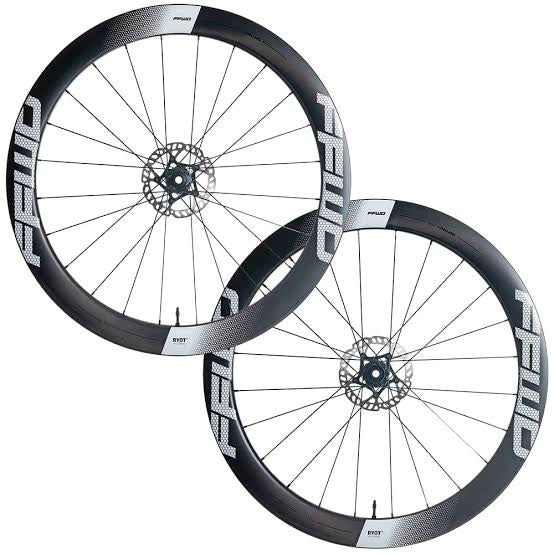 FFWD Ryot55 Carbon Tubeless Ready Disc Brake Wheelset - Shimano Hub 11/12speed| Cycling Gears Hub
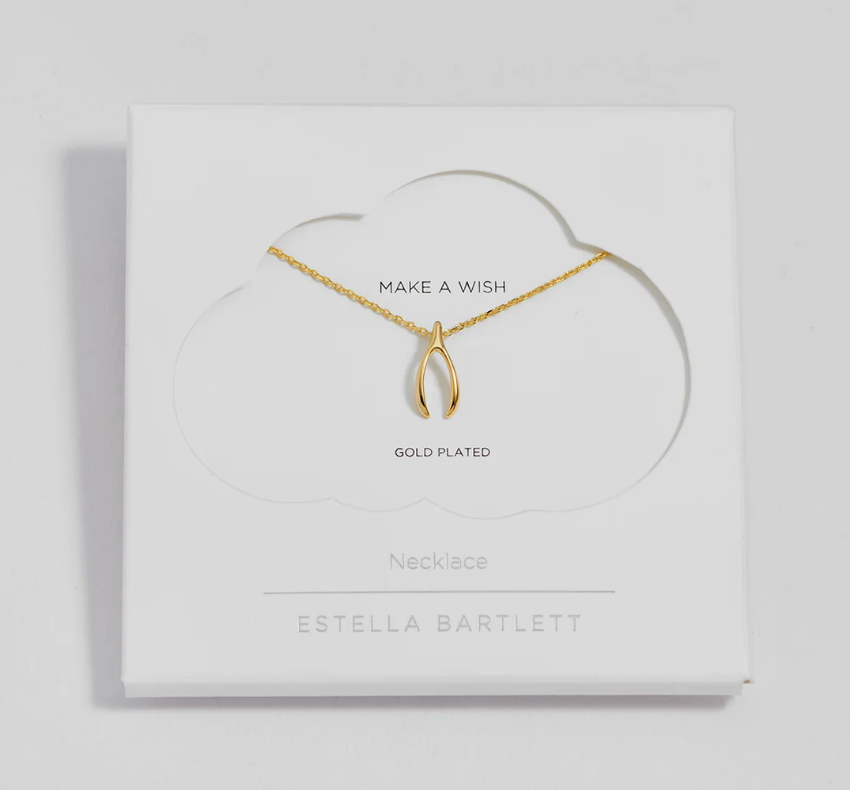 ESTELLA BARTLETT WISHBONE NECKLACE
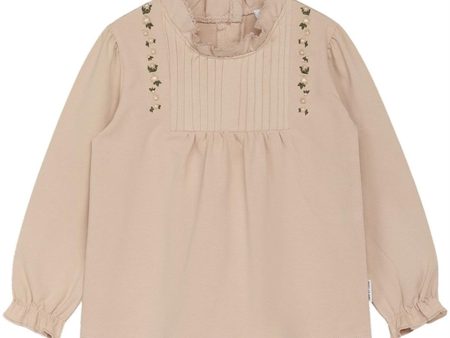 Hust & Claire Mini Peach Rose Anneli Bluse Hot on Sale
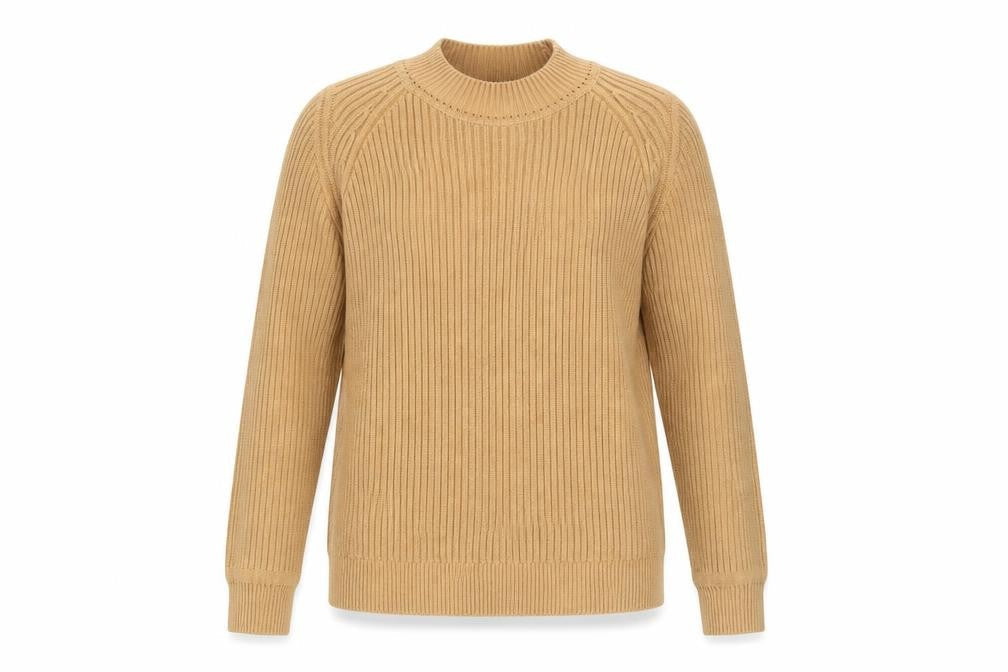H&M Divided Women Beige XS Cold Shoulder Mock Neck Knit Jumper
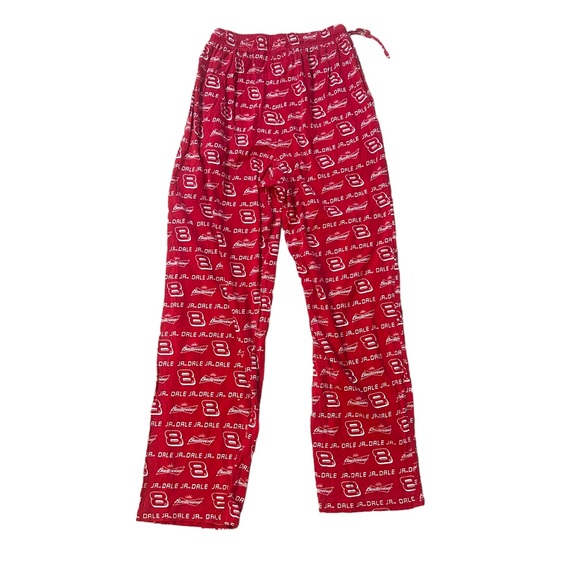 Winner’s Circle Red & White NASCAR JR Dale Budweiser Soft Pants Women’s Small - Picture 3 of 4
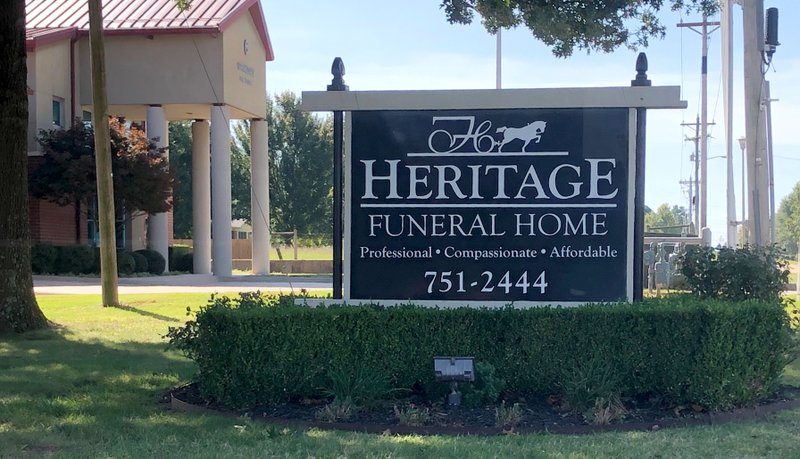 The Heritage Funeral Home in Springdale.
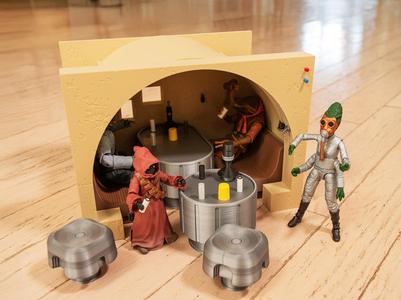 Cantina Booth - Star Wars Diorama - 1/12 Scale Black Series and 1/18 Scale Vintage Collection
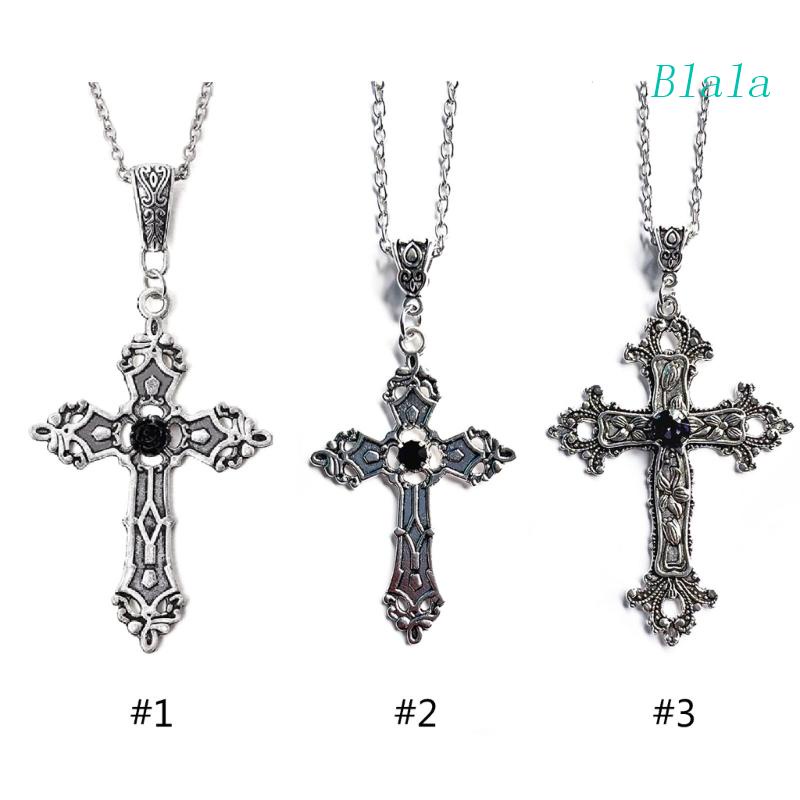 Vòng Cổ Choker Mặt Thánh Giá Thời Trung Cổ Cho Nam Và Nữ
========
- _ACTIVITY_
Repeat, exactly and only, the lines from the one containing "The Heritage Funeral Home in Springdale." through the final line of the data, both ends included, leaving out any picture.

- _RESPONSE TO THIS EXERCISE_
 The Heritage Funeral Home in Springdale.
 Cantina Booth - Star Wars Diorama - 1/12 Scale Black Series and 1/18 Scale Vintage Collection
 Vòng Cổ Choker Mặt Thánh Giá Thời Trung Cổ Cho Nam Và Nữ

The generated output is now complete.